Oggi i risultati fallimentari di quelle politiche ci stimolano ad un approccio diverso anche perché, nel frattempo, tutti si sono resi conto che il Mezzogiorno non è affatto un’area omogenea. Un’analisi macroeconomica con dati disaggregati su scala regionale indica come i livelli di reddito prodotto per abitante varino ampiamente all’interno del Sud, passando dai quasi 27 milioni di lire dell’Abruzzo ai 18 della Calabria. Insomma, non ha più senso parlare di Mezzogiorno al singolare: parliamo dunque di Mezzogiorni, di diverse aree del Sud.

Il tema fondamentale, a questo punto, non è stabilire se occorra più pubblico o privato, ma quello di definire se sia possibile al Sud far funzionare il mercato in modo che esso produca sviluppo. La prima domanda da rivolgere alla classe politica è che lo Stato faccia il suo dovere ed elimini gli ostacoli che si frappongono al corretto funzionamento delle regole. L‘investimento più urgente, perciò, deve riguardare la società civile, che ha toccato punte di inimmaginabile degrado. I recenti fatti di Brindisi hanno aperto uno squarcio drammatico sulla società meridionale, facendo emergere l’allarmante dimensione di quella fascia grigia dove il confine fra il lecito e l’illecito si attenua, poi gradualmente si sfuma sino a scomparire. E l’illecito viene giustificato con l’emergenza sociale: così si costruisce una società di espedienti, dove la deroga diventa prassi corrente e nessuno fa più il proprio dovere senza che ciò scandalizzi l’opinione pubblica. Questa è la struttura di una società mafiosa, dove non vale il diritto ma il favore dei potenti, politici oppure burocrati, ma anche faccendieri e capibastone della criminalità organizzata. Quale sviluppo è ipotizzabile per una società così articolata?
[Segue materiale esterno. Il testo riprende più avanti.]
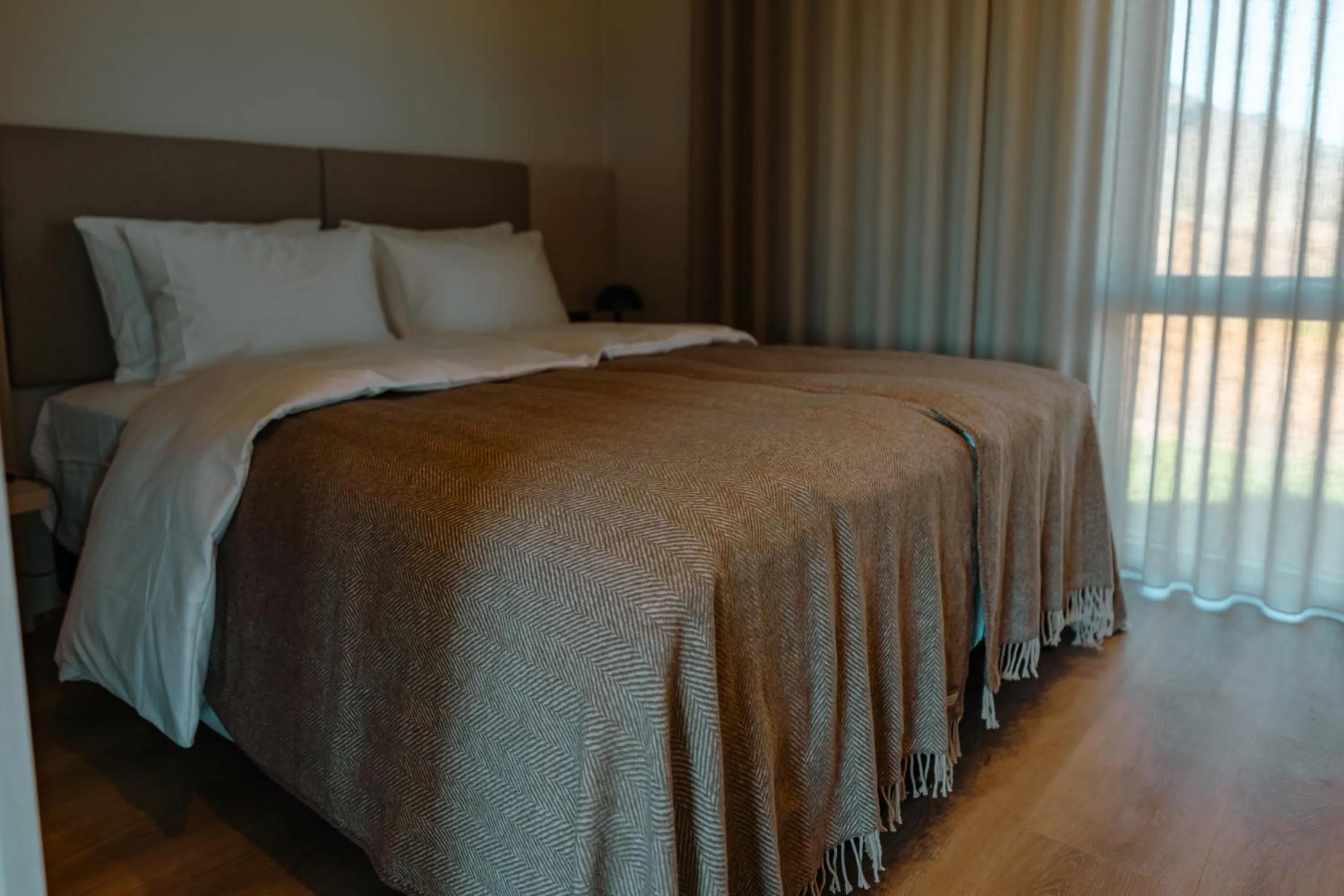 Bed in Peninsula Suites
Sono quasi tutte fallite anche le esperienze amministrative di centro-destra nel Mezzogiorno, dove le maggioranze si sono frantumate e sulle sedi istituzionali sventola la bandiera del trasformismo. Lasciamo che i perdenti celebrino la rivincita e che i voltagabbana brindino per le poltrone conservate, ma il vero dato è che non c’è ancora una soluzione politica in grado di governare questa società. Il centro-destra ha fallito dove il centro-sinistra aveva già raccolto disastri nei lustri precedenti. Lo sbocco è nella capacità di rompere con tutto quanto giova alla conservazione di questo stato di cose. Ha ragione chi sostiene che una sana provocazione è utile al Mezzogiorno più di cento vecchie idee, raccolte in un libro che nessuno oserà più definire dei sogni, perché i problemi sono diventati incubi.

Questo è il tavolo sul quale si svolgerà la sfida. Ne prenda nota anche il presidente del Consiglio, che semina ottimismo e sembra non rendersi conto di essere seduto su una polveriera. Aver varato l’Agenzia per lo sviluppo, senza peraltro poterne contestualmente nominare gli amministratori, è un segnale debole anche sul piano dell’effetto-annuncio. Sono urgenti più forti indicazioni di cambiamento, a cominciare dal livello di competenza e di moralità degli uomini ai quali sono attribuite responsabilità politiche ed amministrative, presidenze di enti economici e finanziari. Sappiamo bene che è difficile ed impopolare contrapporsi alla demagogia di chi promette di riaprire i rubinetti degli incentivi, ma noi puntiamo a valorizzare le capacità attrattive di questa terra, che accresceranno le loro potenzialità man mano che avremo bonificato la società meridionale, riconsegnandola alla legalità anche attraverso il recupero della sua grande tradizione di civiltà.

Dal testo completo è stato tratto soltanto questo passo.